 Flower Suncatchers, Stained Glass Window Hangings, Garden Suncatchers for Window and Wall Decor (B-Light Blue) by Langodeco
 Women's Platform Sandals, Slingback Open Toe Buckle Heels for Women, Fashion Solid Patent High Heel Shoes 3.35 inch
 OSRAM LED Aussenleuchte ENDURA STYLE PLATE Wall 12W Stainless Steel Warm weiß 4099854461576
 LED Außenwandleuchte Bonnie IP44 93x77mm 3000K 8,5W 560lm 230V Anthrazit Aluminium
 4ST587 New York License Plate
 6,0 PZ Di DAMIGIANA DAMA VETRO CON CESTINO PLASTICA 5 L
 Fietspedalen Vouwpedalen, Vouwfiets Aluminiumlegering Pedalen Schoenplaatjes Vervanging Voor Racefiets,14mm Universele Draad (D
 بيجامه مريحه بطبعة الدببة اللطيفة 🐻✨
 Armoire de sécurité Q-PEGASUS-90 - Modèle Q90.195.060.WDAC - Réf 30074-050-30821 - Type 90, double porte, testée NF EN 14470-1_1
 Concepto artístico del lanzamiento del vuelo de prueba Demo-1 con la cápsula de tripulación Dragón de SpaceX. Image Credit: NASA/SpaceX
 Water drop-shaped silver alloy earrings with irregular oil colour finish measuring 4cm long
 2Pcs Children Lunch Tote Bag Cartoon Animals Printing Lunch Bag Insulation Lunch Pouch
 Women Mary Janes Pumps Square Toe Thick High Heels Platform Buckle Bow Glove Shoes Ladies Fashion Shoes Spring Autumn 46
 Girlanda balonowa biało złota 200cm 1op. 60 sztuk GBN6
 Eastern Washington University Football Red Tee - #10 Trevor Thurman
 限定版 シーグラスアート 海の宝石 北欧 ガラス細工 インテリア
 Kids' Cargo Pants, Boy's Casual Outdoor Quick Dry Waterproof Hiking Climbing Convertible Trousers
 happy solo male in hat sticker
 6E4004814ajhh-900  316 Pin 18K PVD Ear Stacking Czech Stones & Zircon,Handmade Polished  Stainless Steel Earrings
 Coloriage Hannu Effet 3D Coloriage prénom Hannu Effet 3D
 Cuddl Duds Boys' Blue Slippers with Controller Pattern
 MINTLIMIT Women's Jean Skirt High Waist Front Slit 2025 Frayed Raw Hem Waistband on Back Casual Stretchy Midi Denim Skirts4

§

__WORK REQUEST__.
Filter the records for the word "Buckle" and show every line that has it.

__TASK SOLUTION__.
 Women's Platform Sandals, Slingback Open Toe Buckle Heels for Women, Fashion Solid Patent High Heel Shoes 3.35 inch
 Women Mary Janes Pumps Square Toe Thick High Heels Platform Buckle Bow Glove Shoes Ladies Fashion Shoes Spring Autumn 46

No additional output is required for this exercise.